Building an Image Search Engine: Searching and Ranking (Step 4 of 4)

We are now at the final step of building an image search engine — accepting a query image and performing an actual search.

Let’s take a second to review how we got here:

  • Step 1: Defining Your Image Descriptor. Before we even consider building an image search engine, we need to consider how we are going to represent and quantify our image using only a list of numbers (i.e. a feature vector). We explored three aspects of an image that can easily be described: color, texture, and shape. We can use one of these aspects, or many of them.
  • Step 2: Indexing Your Dataset. Now that we have selected a descriptor, we can apply the descriptor to extract features from each and every image in our dataset. The process of extracting features from an image dataset is called “indexing”. These features are then written to disk for later use. Indexing is also a task that is easily made parallel by utilizing multiple cores/processors on our machine.
  • Step 3: Defining Your Similarity Metric. In Step 1, we defined a method to extract features from an image. Now, we need to define a method to compare our feature vectors. A distance function should accept two feature vectors and then return a value indicating how “similar” they are. Common choices for similarity functions include (but are certainly not limited to) the Euclidean, Manhattan, Cosine, and Chi-Squared distances.

Finally, we are now ready to perform our last step in building an image search engine: Searching and Ranking.

The Query

Before we can perform a search, we need a query.

The last time you went to Google, you typed in some keywords into the search box, right? The text you entered into the input form was your “query”.

Google then took your query, analyzed it, and compared it to their gigantic index of webpages, ranked them, and returned the most relevant webpages back to you.

Similarly, when we are building an image search engine, we need a query image.

Query images come in two flavors: an internal query image and an external query image.

As the name suggests, an internal query image already belongs in our index. We have already analyzed it, extracted features from it, and stored its feature vector.

The second type of query image is an external query image. This is the equivalent to typing our text keywords into Google. We have never seen this query image before and we can’t make any assumptions about it. We simply apply our image descriptor, extract features, rank the images in our index based on similarity to the query, and return the most relevant results.

You may remember that when I wrote the How-To Guide on Building Your First Image Search engine, I included support for both internal and external queries.

Why did I do that?

Let’s think back to our similarity metrics for a second and assume that we are using the Euclidean distance. The Euclidean distance has a nice property called the Coincidence Axiom, implying that the function returns a value of 0 (indicating perfect similarity) if and only if the two feature vectors are identical.

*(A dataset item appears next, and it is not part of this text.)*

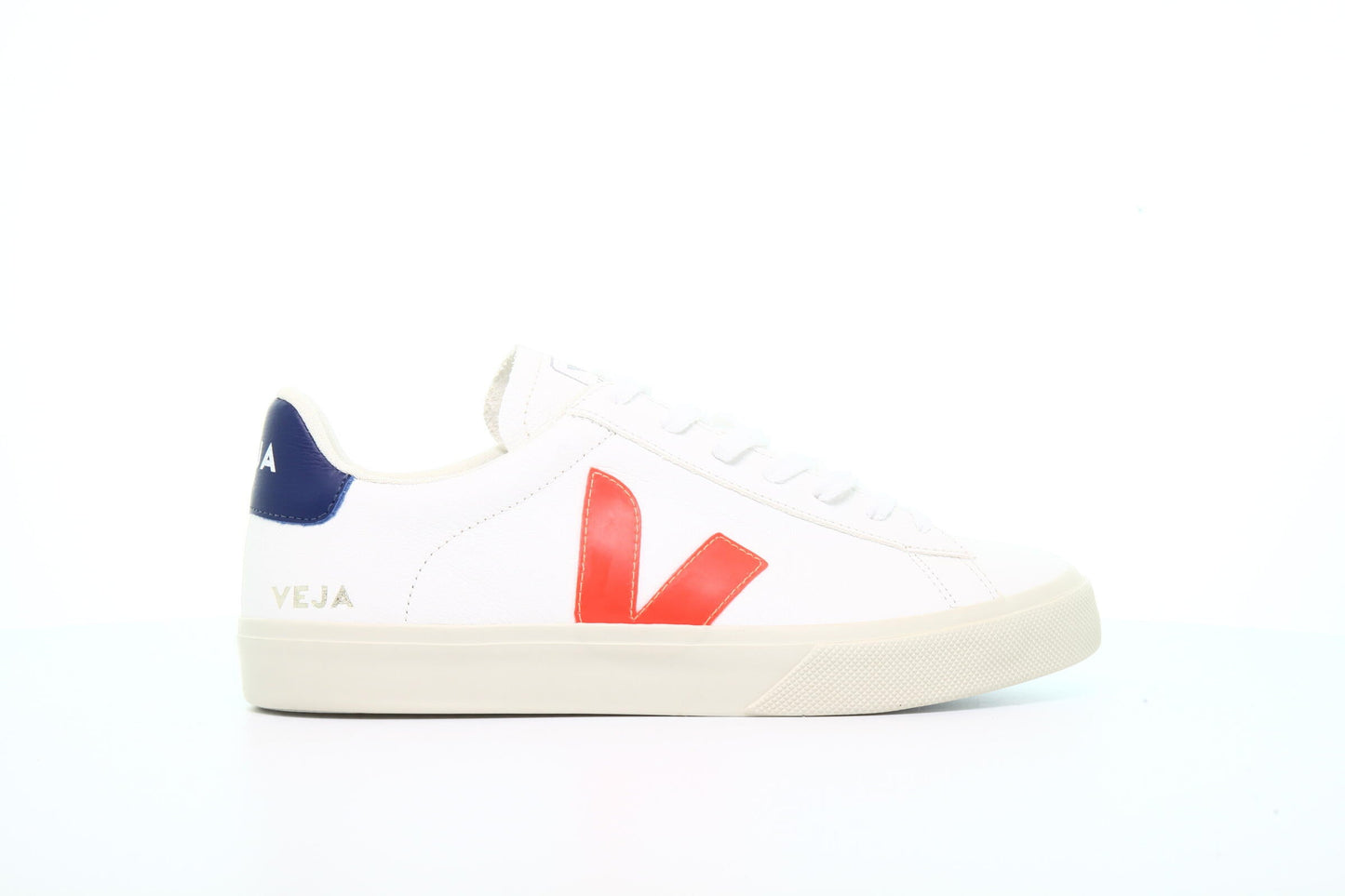 Exclusive Veja Campo "Orange Fluo" — 7 — Front View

If I were to search for an image already in my index, then the Euclidean distance between the two feature vectors would be zero, implying perfect similarity. This image would then be placed at the top of my search results since it is the most relevant. This makes sense and is the intended behavior.

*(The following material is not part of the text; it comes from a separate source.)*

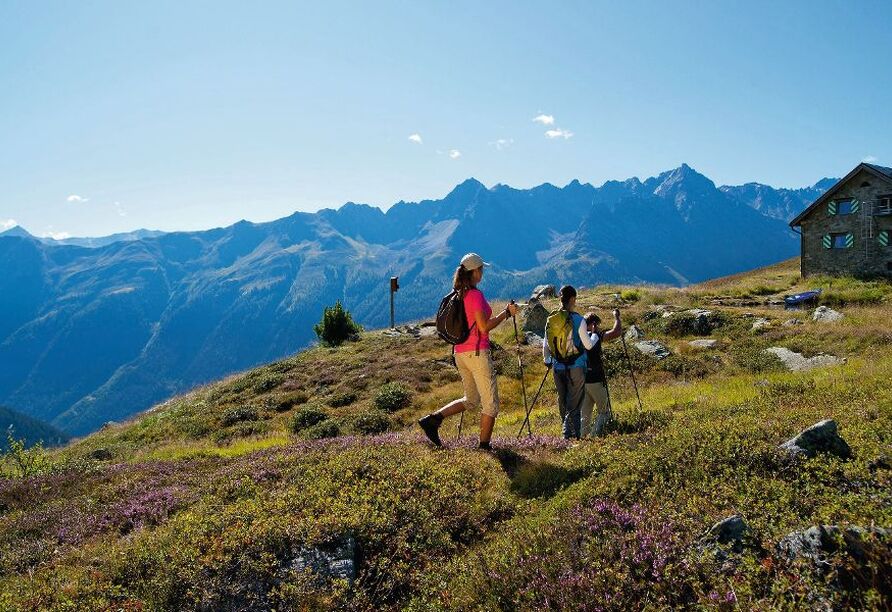 Rund 250 Kilometer gut markierte Wanderwege erwarten Sie im Paznaun.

How strange it would be if I searched for an image already in my index and did not find it in the #1 result position. That would likely imply that there was a bug in my code somewhere or I’ve made some very poor choices in image descriptors and similarity metrics.

Overall, using an internal query image serves as a sanity check. It allows you to make sure that your image search engine is functioning as expected.

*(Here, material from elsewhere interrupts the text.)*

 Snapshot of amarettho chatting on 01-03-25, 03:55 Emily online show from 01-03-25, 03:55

Once you can confirm that your image search engine is working properly, you can then accept external query images that are not already part of your index.

The Search

So what’s the process of actually performing a search? Checkout the outline below:

1. Accept a query image from the user

A user could be uploading an image from their desktop or from their mobile device. As image search engines become more prevalent, I suspect that most queries will come from devices such as iPhones and Droids. It’s simple and intuitive to snap a photo of a place, object, or something that interests you using your cellphone, and then have it automatically analyzed and relevant results returned.

2. Describe the query image

Now that you have a query image, you need to describe it using the exact same image descriptor(s) as you did in the indexing phase. For example, if I used a RGB color histogram with 32 bins per channel when I indexed the images in my dataset, I am going to use the same 32 bin per channel histogram when describing my query image. This ensures that I have a consistent representation of my images. After applying my image descriptor, I now have a feature vector for the query image.

3. Perform the Search

To perform the most basic method of searching, you need to loop over all the feature vectors in your index. Then, you use your similarity metric to compare the feature vectors in your index to the feature vectors from your query. Your similarity metric will tell you how “similar” the two feature vectors are. Finally, sort your results by similarity.

If you would like to see the “Performing the Search” step in action, head on over to my How-To Guide on Building Your First Image Search Engine post. On Step #3, I give you Python code that can be used to perform a search.

Looping over your entire index may be feasible for small datasets. But if you have a large image dataset, like Google or TinEye, this simply isn’t possible. You can’t compute the distance between your query features and the billions of feature vectors already present in your dataset.

For the readers that have experience in information retrieval (traditionally focused on building text search engines), we can also use tf-idf indexing and an inverted index to speedup the process. However, in order to use this method, we need to ensure our features can fit into the vector space model and are sufficiently sparse. Building an image search engine that utilizes this method is outside the scope of this post; however, I will certainly be revisiting it in the future when we start to build more complex search engines.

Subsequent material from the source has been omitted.